The Sun

A great deal has been made of the bizarre sight of The Sun paper backing the Tories in England and the SNP in Scotland – especially the bit about one of the reasons to vote Tory is to stop the SNP!

So what does this tell us? Well the first lesson is despite their millions they are not all that good at photo shop. Both pics are frankly quite freakish.

But more importantly this isn’t as daft as it seems. The Sun and Murdoch press – ably helped by the Telegraph, Mail and Express are all campaigning as hard as they can to stop Labour. All journalistic standards have been thrown out of the window and the demonisation of Ed Miliband is even harsher than the s*$t they poured on Kinnock. 

So the SNP doing well in Soctland is just about the only way Cameron and his Tory press can stop Labour just about winning a majority Labour government. Without the rise of the SNP we would be talking of Labour in the 300+ seats territory and the narrative of this election would be very different. So this is all consistent with a strange strategy. Build up the SNP in Scotland to take Labour seats. Attack the SNP as traitors south of the border to scare people back to the Tories. Simple really. 
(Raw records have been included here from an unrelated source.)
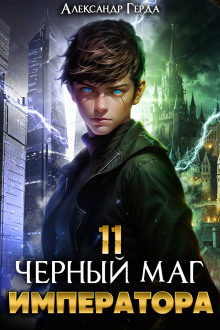 Аудиокнига Черный Маг Императора 11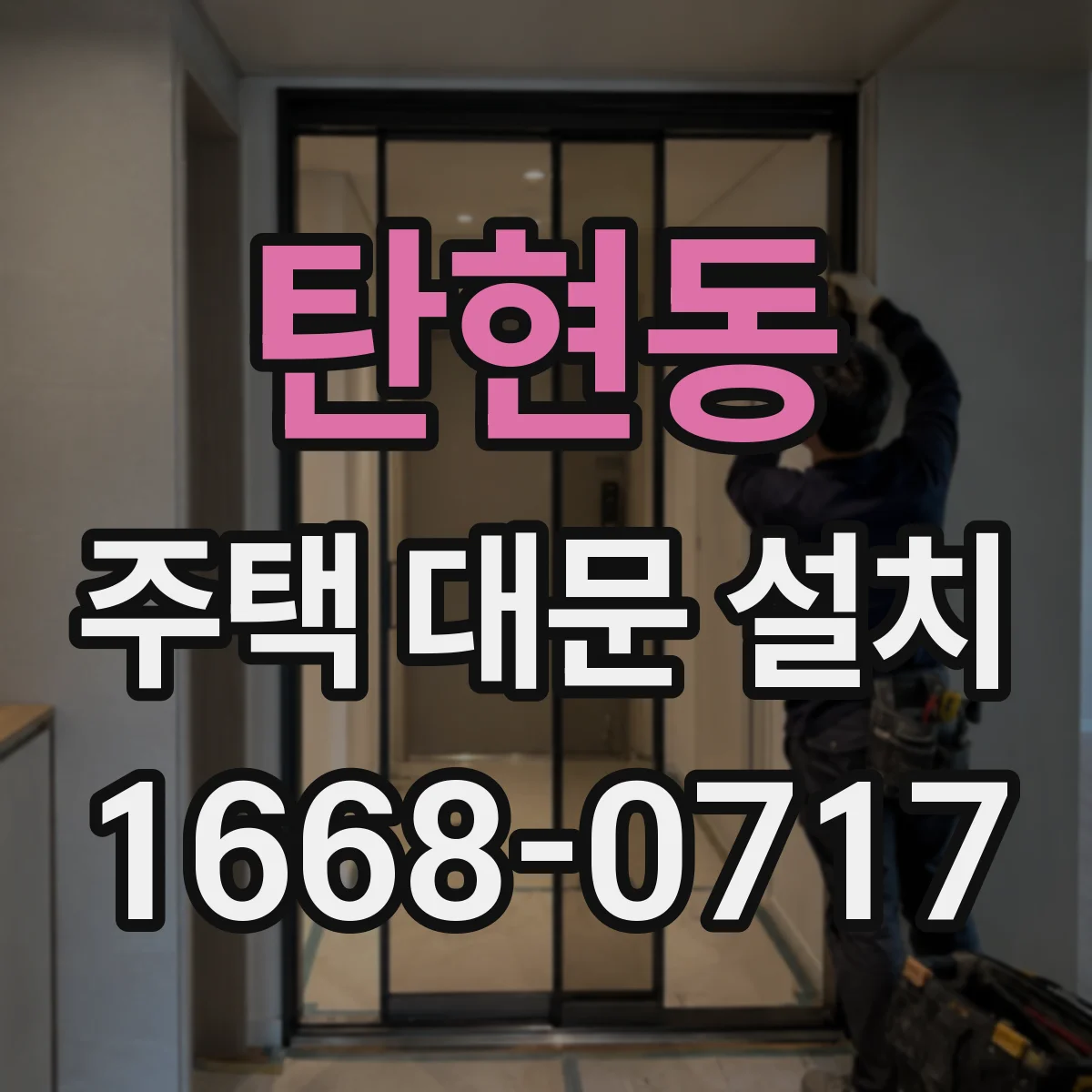 탄현동 주택 대문 설치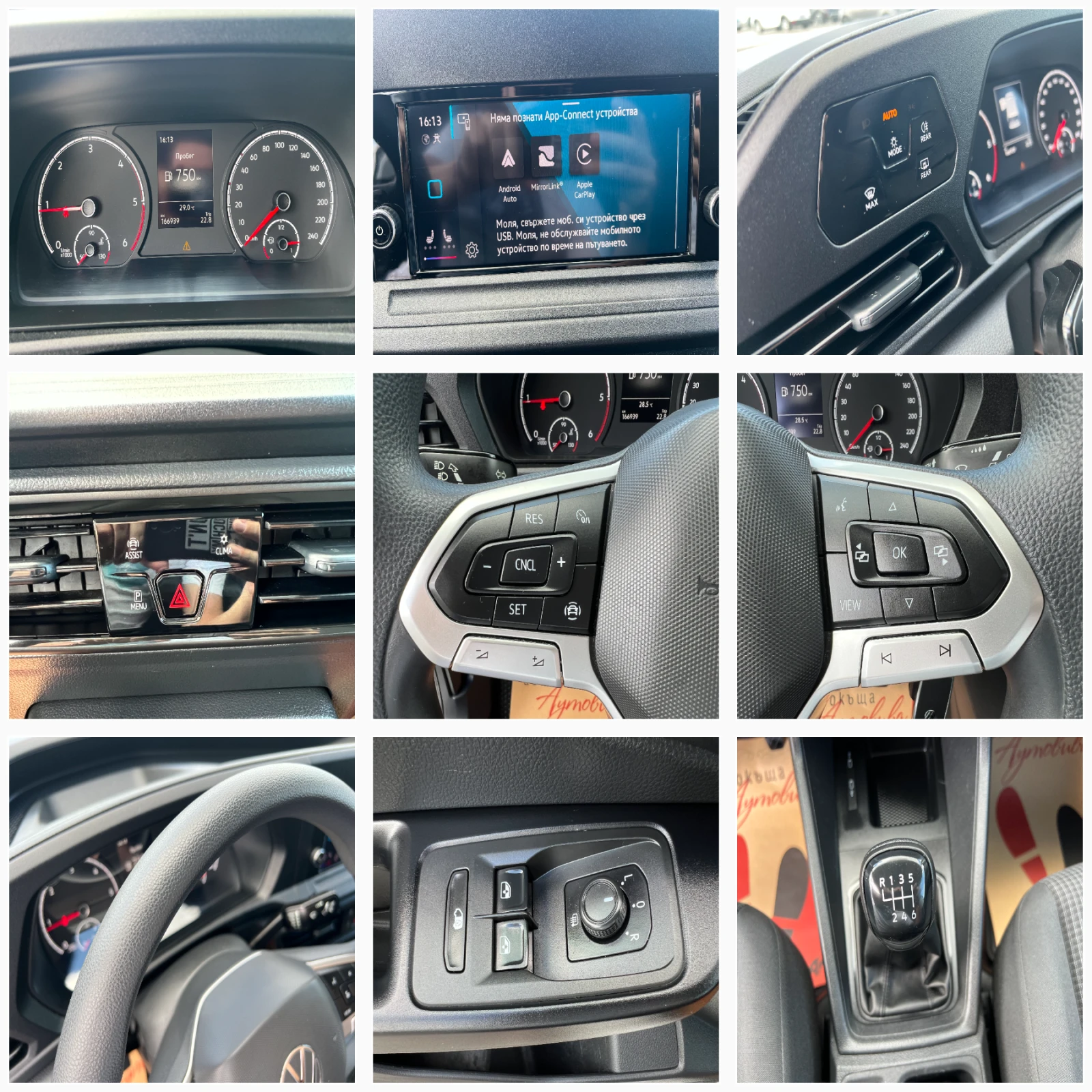 VW Caddy 2.0TDI 166939км./ДВЕ СТРАНИЧНИ ВРАТИ/ТОП СЪСТОЯНИЕ, снимка 16 - Бусове и автобуси - 54916119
The BBC Finally covered the story

Thinking of Exit Polls Already

There is another week of this election to go. I am not sure how that makes you feel but  I did get the impression from the Tory announcement today that they don’t trust themselves enough to keep a promise on tax  so they would legislate not to increase tax (well VAT & Income tax for example). This is clearly a gimmick to have something to say for today. It wasn’t in the manifesto so we can only assume it’s one of those pointless policies that don’t mean much but send a ‘signal’. I can see why people are bored of this election. Despite the amount of detail allegedly given by the Tories about the ‘books for the next 5 years’ which allows them to make such an empty promise we know they have already got about £35-30bn of expenditure we don’t know where it will come from. Add to this the fact that GDP for last quarter fell to 0.3% growth and you can see why predicting 5 years growth to pay down the deficit and find the £30bn is really taking the electorate for fools.

Back to next week. As you know I have been keen to fast forward to the election result ever since I cast my postal vote. I am not sure I can take another week. It has been far too long. They are running out of photo Opps and repeated speeches. And from what I hear in all my conversations none of it is really helping make up peoples’ minds. Most people on my table at a dinner last night were ‘undecided’ despite all voting in 2010. They were shifting their thinking all over the place amongst the parties. 

I am probably very sad but I did get the adrenalin running at the thought of sitting up through election night when the exit polls start coming in

Usually about 12.30 was time for me to head to the ‘Count’ and look supremely confident, encourage my supporters and make the opposition worry. This time I will be sitting with my laptop and twitter enjoying every moment and  messaging friends who have won or lost. 

I will be watching the seats that will most likely change hands and what these mean for the final result. As we know only about 100 seats normally matter in a General Election and only a few thousand votes in each of these seats needs to change hands to change a government. I am a supporter of PR as I believe people should have their vote count wherever they live in the country. Being Labour in the South of much of England is pointless but those hundreds of thousands of votes should count for something. 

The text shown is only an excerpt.